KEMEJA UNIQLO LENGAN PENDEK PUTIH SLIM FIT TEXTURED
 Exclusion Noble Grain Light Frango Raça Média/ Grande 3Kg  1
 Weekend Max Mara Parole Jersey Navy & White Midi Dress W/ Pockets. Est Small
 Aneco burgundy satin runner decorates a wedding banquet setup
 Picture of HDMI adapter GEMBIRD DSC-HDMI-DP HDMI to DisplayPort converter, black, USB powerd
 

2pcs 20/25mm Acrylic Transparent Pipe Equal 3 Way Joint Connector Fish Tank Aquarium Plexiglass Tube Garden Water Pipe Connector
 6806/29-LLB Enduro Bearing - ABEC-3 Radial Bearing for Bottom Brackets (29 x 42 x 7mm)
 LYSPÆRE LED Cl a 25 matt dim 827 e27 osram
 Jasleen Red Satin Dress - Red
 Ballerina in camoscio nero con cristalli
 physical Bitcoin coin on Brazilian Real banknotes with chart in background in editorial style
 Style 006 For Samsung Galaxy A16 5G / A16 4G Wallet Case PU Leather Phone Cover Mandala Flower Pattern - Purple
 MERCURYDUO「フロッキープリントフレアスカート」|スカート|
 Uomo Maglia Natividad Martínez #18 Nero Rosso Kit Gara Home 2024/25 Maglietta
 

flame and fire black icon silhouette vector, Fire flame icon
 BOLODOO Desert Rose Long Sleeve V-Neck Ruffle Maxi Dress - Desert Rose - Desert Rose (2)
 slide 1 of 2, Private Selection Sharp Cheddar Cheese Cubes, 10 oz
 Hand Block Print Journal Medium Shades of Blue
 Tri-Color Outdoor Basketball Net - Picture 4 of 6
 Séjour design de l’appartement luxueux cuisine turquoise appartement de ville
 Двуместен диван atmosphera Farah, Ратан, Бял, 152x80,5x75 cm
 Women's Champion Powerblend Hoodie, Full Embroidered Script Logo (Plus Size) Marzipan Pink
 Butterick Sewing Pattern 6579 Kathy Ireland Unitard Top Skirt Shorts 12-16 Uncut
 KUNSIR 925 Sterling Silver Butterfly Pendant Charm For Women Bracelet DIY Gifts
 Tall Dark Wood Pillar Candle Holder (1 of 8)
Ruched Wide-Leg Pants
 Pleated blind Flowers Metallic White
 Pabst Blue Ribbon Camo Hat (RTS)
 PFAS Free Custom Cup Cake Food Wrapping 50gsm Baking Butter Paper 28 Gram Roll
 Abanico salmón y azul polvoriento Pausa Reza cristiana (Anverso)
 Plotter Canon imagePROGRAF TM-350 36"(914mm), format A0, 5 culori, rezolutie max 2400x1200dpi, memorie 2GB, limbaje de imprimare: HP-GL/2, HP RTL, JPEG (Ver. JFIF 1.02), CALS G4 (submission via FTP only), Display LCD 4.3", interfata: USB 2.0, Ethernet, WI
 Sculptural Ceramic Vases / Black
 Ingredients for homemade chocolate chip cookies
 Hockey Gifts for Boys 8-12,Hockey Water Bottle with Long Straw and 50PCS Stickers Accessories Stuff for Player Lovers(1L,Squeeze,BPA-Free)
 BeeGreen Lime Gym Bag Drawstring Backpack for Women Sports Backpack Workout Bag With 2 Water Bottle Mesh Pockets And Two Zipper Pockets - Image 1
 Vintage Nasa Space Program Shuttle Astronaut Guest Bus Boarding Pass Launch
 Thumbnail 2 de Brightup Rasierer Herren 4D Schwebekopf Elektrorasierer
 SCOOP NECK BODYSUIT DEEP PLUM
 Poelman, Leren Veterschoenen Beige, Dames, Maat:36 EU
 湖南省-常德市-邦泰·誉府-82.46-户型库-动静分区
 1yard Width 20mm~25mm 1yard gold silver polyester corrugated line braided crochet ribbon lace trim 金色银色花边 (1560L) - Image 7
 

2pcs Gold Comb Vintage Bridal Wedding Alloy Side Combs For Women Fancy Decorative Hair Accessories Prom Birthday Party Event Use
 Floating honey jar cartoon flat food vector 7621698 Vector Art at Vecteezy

-------------------------

Print again the lines of the entries above that fall between the line holding "Exclusion Noble Grain" and the line holding "BOLODOO Desert Rose", inclusive, exactly as they stand.

 Exclusion Noble Grain Light Frango Raça Média/ Grande 3Kg  1
 Weekend Max Mara Parole Jersey Navy & White Midi Dress W/ Pockets. Est Small
 Aneco burgundy satin runner decorates a wedding banquet setup
 Picture of HDMI adapter GEMBIRD DSC-HDMI-DP HDMI to DisplayPort converter, black, USB powerd
 

2pcs 20/25mm Acrylic Transparent Pipe Equal 3 Way Joint Connector Fish Tank Aquarium Plexiglass Tube Garden Water Pipe Connector
 6806/29-LLB Enduro Bearing - ABEC-3 Radial Bearing for Bottom Brackets (29 x 42 x 7mm)
 LYSPÆRE LED Cl a 25 matt dim 827 e27 osram
 Jasleen Red Satin Dress - Red
 Ballerina in camoscio nero con cristalli
 physical Bitcoin coin on Brazilian Real banknotes with chart in background in editorial style
 Style 006 For Samsung Galaxy A16 5G / A16 4G Wallet Case PU Leather Phone Cover Mandala Flower Pattern - Purple
 MERCURYDUO「フロッキープリントフレアスカート」|スカート|
 Uomo Maglia Natividad Martínez #18 Nero Rosso Kit Gara Home 2024/25 Maglietta
 

flame and fire black icon silhouette vector, Fire flame icon
 BOLODOO Desert Rose Long Sleeve V-Neck Ruffle Maxi Dress - Desert Rose - Desert Rose (2)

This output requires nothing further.